Stored data:
+===+
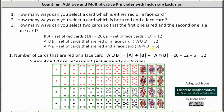For number one, how many ways can you select a card which is either red or a face card? Well, this is equal to the number of cards that are red or a face card, which is the cardinality of A union B. It's important to recognize that set A and set B are not disjoint because there are some cards that are both red and a face card. Therefore we use the formula: the cardinality of A union B equals the cardinality of A plus the cardinality of B minus the cardinality of A intersect B.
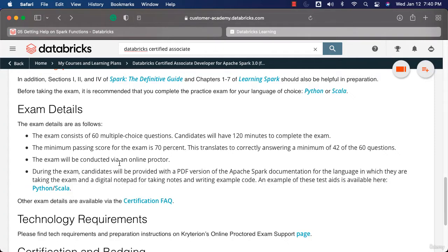The exam will be conducted via an online proctor, so you should know how to take online proctored exams. Make sure you sign up for the exam and one day before, go through the details with respect to the exam to make sure you are prepared.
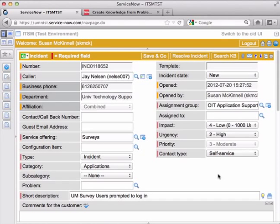This is the first in a series of short videos about problem management in ServiceNow. In this one I'm going to show you how to create a problem ticket.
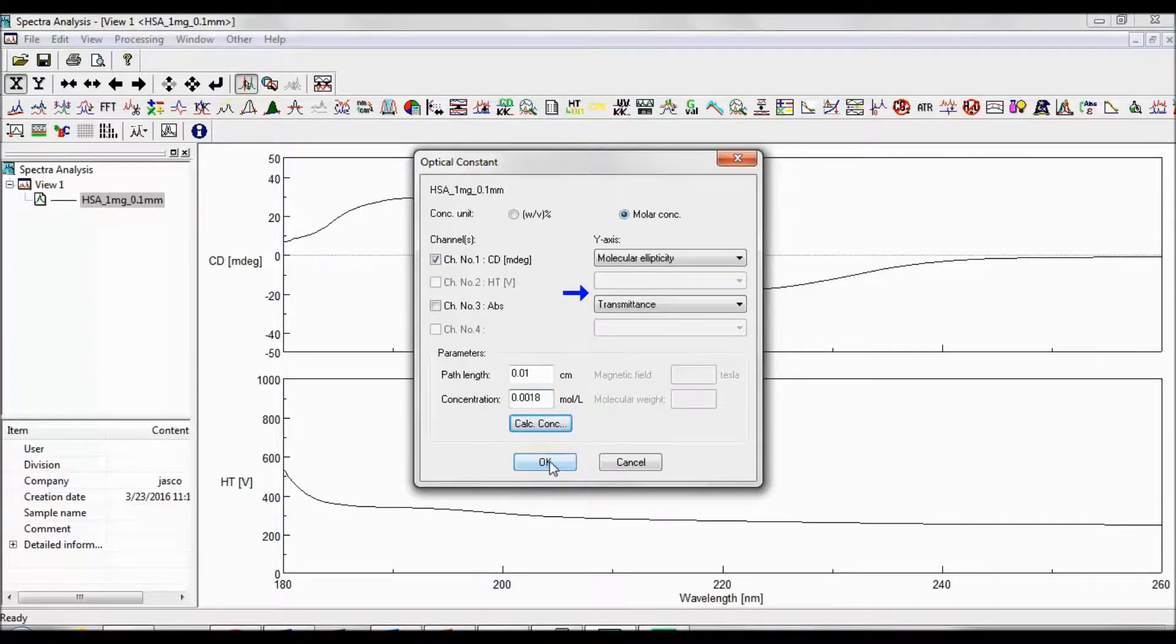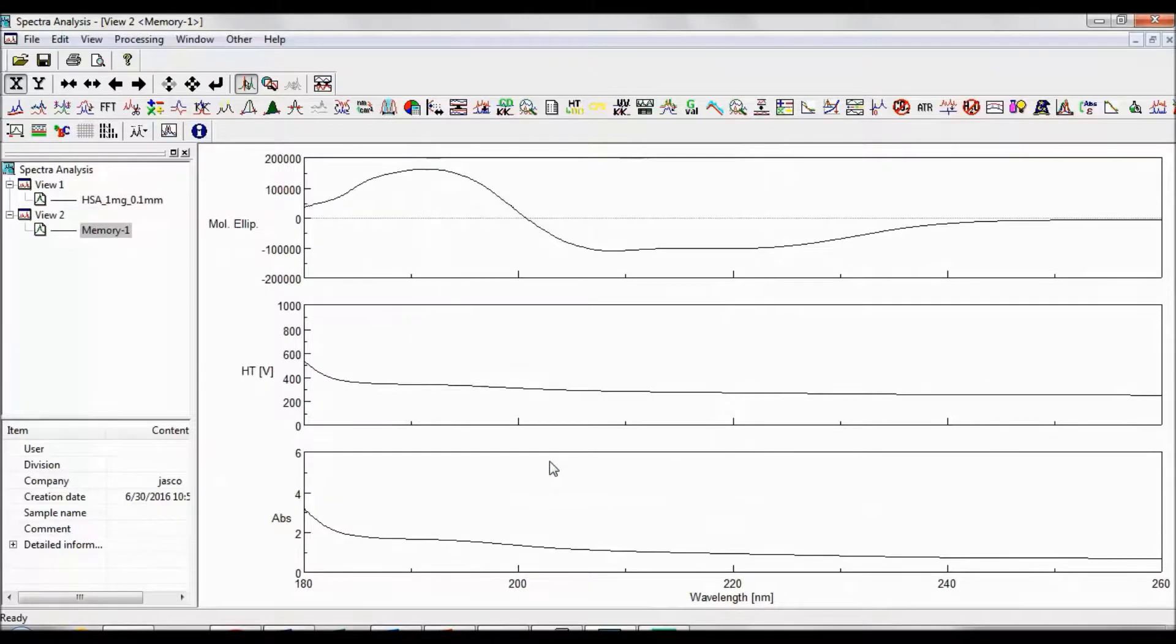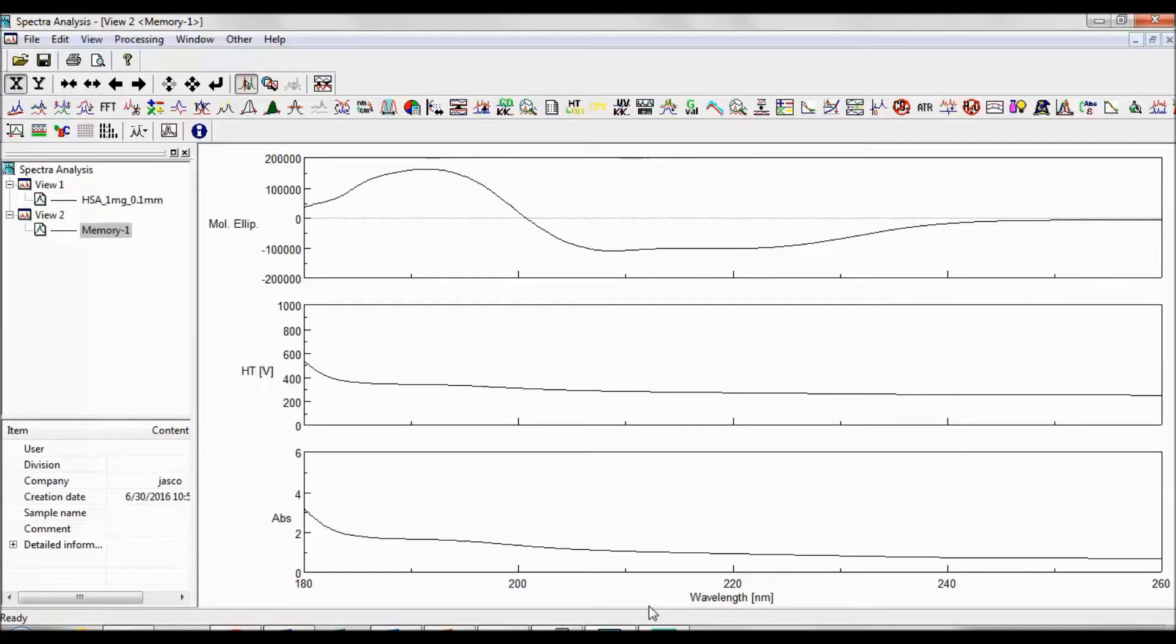After clicking OK, you now have created a new memory with your raw CD sample spectrum in units of molar ellipticity.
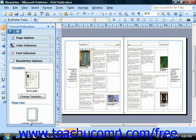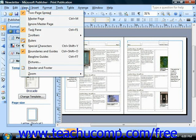It requires that you have multiple pages in your publication before it could actually be useful, but to change to the two page spread view, just select View from the menu bar and choose Two Page Spread.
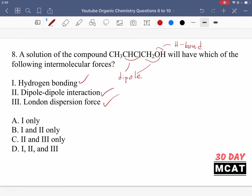We also see London dispersion forces — these are van der Waals forces that occur for every compound, arising from temporary distributions of positive and negative charges. Every single molecule has London dispersion forces. So all three intermolecular forces are present, and D is correct.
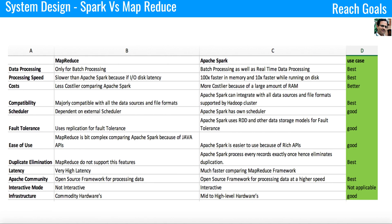I want to further optimize my system design, so I have chosen Apache Spark. So far we were able to achieve scalability or real-time data separately, but not both at the same time. I have compared Apache Spark with MapReduce and Apache Spark leads in most use cases like processing speed, latency, fault tolerance, and cost. Considering these benefits, I am using Apache Spark for the system design.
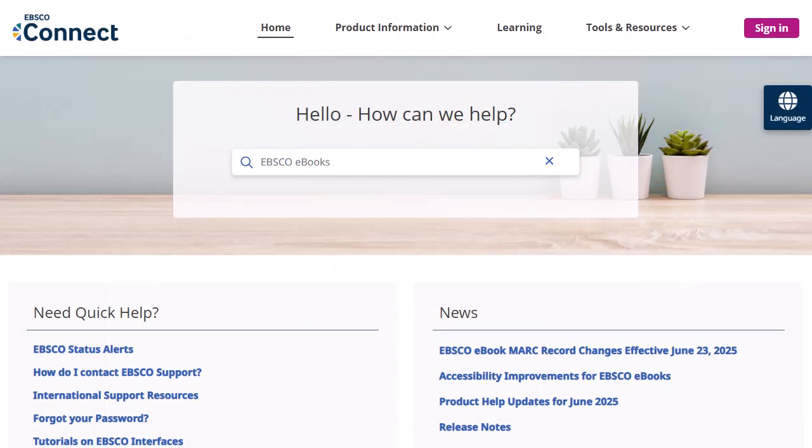To learn more, visit EBSCO Connect at connect.ebsco.com.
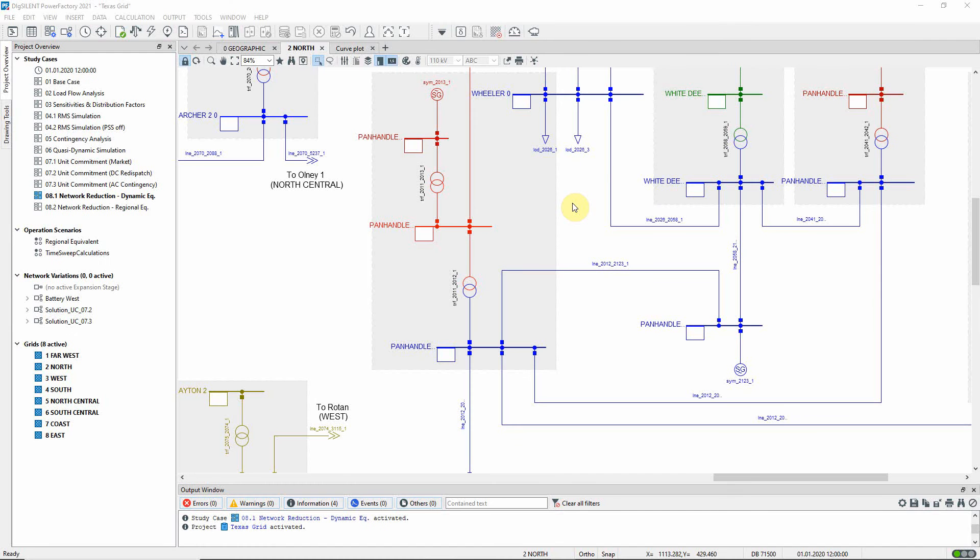In this video, the Texas Grid model will be used to demonstrate a dynamic equivalent network reduction. Study Case 8.1 should be activated.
+===+
Description of the task> Would you return the records exactly as written, minus any image?

Finished exercise>
For number one, how many ways can you select a card which is either red or a face card? Well, this is equal to the number of cards that are red or a face card, which is the cardinality of A union B. It's important to recognize that set A and set B are not disjoint because there are some cards that are both red and a face card. Therefore we use the formula: the cardinality of A union B equals the cardinality of A plus the cardinality of B minus the cardinality of A intersect B.
The exam will be conducted via an online proctor, so you should know how to take online proctored exams. Make sure you sign up for the exam and one day before, go through the details with respect to the exam to make sure you are prepared.
This is the first in a series of short videos about problem management in ServiceNow. In this one I'm going to show you how to create a problem ticket.
After clicking OK, you now have created a new memory with your raw CD sample spectrum in units of molar ellipticity.
It requires that you have multiple pages in your publication before it could actually be useful, but to change to the two page spread view, just select View from the menu bar and choose Two Page Spread.
We also see London dispersion forces — these are van der Waals forces that occur for every compound, arising from temporary distributions of positive and negative charges. Every single molecule has London dispersion forces. So all three intermolecular forces are present, and D is correct.
I want to further optimize my system design, so I have chosen Apache Spark. So far we were able to achieve scalability or real-time data separately, but not both at the same time. I have compared Apache Spark with MapReduce and Apache Spark leads in most use cases like processing speed, latency, fault tolerance, and cost. Considering these benefits, I am using Apache Spark for the system design.
To learn more, visit EBSCO Connect at connect.ebsco.com.
In this video, the Texas Grid model will be used to demonstrate a dynamic equivalent network reduction. Study Case 8.1 should be activated.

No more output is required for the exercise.